В толпе явные антисемиты, по адресу товарища все время слышно: жид, жид, жиды. Главное, на что опираются наши противники, это то, что б[ольшеви]ки не составляют большинства, а большинство – [э]с[е]ры и м[еньшеви]ки ‹…› На душе у меня смутно, нехорошо. Идет ловля б[ольшеви]ков, я несколько раз выступал среди враждебно настроенных людей: ‹…› толпа слушала враждебно и прерывала[922]
.В то же время через понятие «массы» в дискурсе русских марксистов, а значит, и в текстах Ярославского, выражалась не только потребность в признании и «любви» трудящихся, но и представления об иерархии и отношениях господства-подчинения, то есть чувство превосходства марксистских интеллектуалов. Как и в дискурсивной практике буржуазных интеллектуалов XIX – начала XX века[923]
, «масса» в текстах Ярославского феминизируется. Она является, таким образом, не только инстанцией, к которой взывают, но и предметом тройственной стратегии власти – соблазнения, наставления и подчинения.Что же означает употребляющийся в письмах Ярославского религиозный язык? С одной стороны – это снова возвращает нас к наблюдениям Анны Крыловой, – у Ярославского как убежденного марксиста, верившего в сухие законы исторического и диалектического материализма, не было другого языка для описания ошеломляющих внутренних переживаний, которые вызывало его участие в политической жизни масс, и прежде всего его воздействие на публику. Однако Ярославский опирается не непосредственно на религиозные образцы, а на радикальную литературу конца XIX – начала XX века. Образ Христа нередок и в текстах русских революционеров XIX века, и у марксистов, примкнувших к так называемому богоискательству. В этих текстах Христос предстает объектом поклонения, носителем этических ценностей, образцом секулярного духовного преображения человечества, невероятной способности к переживанию страданий и жертвенности, а также пролетарием и революционером. Благодаря этому эмоциональному потенциалу Христос становится законным представителем городской бедноты. В той же роли видел себя и Ярославский. Такие моменты слияния со своей публикой он ощущал необычайно ярко, поскольку в этих выступлениях он соответствовал своей ролевой модели, созданному Чернышевским и Добролюбовым идеальному образу харизматического революционера[924]
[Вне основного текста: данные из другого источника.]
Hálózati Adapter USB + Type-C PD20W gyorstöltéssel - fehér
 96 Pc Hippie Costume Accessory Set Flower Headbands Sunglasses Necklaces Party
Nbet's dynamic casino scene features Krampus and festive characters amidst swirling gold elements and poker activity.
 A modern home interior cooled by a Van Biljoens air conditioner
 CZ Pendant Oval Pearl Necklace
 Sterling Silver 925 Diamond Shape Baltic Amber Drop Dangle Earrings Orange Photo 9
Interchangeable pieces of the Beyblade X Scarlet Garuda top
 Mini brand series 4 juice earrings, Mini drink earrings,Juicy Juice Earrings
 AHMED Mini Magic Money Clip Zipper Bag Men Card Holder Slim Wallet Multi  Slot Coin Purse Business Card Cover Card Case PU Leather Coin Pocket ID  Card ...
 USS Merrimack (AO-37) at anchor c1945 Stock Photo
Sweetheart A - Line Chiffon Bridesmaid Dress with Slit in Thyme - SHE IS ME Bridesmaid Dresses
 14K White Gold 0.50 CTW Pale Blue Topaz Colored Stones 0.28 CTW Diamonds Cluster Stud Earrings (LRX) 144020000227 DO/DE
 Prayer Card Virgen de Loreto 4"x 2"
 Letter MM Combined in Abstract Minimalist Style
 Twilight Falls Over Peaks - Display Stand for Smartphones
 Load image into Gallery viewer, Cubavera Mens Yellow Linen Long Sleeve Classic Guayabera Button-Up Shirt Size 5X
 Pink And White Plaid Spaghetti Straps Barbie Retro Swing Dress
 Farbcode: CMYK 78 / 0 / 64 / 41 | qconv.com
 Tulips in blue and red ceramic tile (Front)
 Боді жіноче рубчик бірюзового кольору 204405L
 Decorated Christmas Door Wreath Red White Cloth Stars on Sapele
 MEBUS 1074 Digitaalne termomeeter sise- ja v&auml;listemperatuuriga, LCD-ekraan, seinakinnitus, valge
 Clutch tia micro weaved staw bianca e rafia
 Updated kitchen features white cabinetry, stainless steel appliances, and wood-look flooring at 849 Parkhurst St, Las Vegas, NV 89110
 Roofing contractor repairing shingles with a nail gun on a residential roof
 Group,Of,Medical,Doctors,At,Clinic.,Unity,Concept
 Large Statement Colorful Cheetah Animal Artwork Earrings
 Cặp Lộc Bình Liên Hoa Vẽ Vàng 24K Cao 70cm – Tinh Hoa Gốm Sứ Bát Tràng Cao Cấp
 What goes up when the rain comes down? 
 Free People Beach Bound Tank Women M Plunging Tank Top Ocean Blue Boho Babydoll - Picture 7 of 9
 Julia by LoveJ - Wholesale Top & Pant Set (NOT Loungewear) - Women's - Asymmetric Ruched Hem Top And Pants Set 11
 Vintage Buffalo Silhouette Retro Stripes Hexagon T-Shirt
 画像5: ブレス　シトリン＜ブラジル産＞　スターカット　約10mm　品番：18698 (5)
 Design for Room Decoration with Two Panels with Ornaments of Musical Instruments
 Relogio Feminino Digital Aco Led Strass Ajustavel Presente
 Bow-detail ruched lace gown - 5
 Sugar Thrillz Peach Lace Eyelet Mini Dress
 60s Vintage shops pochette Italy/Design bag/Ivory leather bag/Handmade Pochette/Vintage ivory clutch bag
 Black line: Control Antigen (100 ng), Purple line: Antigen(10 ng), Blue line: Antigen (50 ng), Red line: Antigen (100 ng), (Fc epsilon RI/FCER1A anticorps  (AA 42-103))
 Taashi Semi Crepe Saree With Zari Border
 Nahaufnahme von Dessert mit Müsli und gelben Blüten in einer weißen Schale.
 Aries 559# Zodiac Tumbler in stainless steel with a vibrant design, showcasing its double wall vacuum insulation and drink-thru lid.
. Лишь ораторский успех перед «массами» и вместе с ними делал революционера революционером.Фиксация на бумаге этого переживания взаимного преодоления границ имела и другую функцию, выходившую за рамки эмоционального самоутверждения. Из такого опыта в основе своей выводились представления Ярославского и многих из его товарищей о социальных отношениях и политической деятельности. В исторической ситуации, когда божественная легитимация монархии больше не работала, когда традиционные формы господства стали распадаться и устаревать, способность политических акторов взаимодействовать с «массами» и мобилизовать их для достижения своих целей стала основанием легитимности их претензий на власть, а равно и авторитета отдельного революционера в своей группе – тем более что большевики утверждали, что говорят от имени рабочих и крестьян. В этом, однако, они не были одиноки: с ними конкурировали другие акторы, преследовавшие иные цели.
Существует большая традиция мыслителей, историков и представителей социальных наук, стремившихся при помощи понятий из семантического поля религиозного истолковать большевизм или по меньшей мере провести параллели между ним и религиозными феноменами. Так, Юрий Слезкин – а до него Игал Халфин – в вышедшей к столетию революции монументальной саге о «Доме на набережной» и его обитателях называет большевизм милленаристским религиозным течением[925]
. Еще за сто лет до него Николай Бердяев разоблачал большевизм как «явление религиозного порядка», а самих большевиков как религиозных фанатиков и носителей не осознаваемого ими «религиозного сознания»[926]. Бердяеву в его полемике важно было показать большевикам их истинный облик, доказать, что они являются не тем, за что себя выдают. В 1930‐х годах Эрих Фёгелин предложил понятие политической религии, с помощью которого он надеялся объяснить способы функционирования и формы диктатур национал-социализма и сталинизма[927]. Основное, что заложено в гипотезе политической религии, – это структурные параллели таких политических режимов с религией с точки зрения их тоталитарной природы, силы их эмоциональных связей и в логике их функционирования.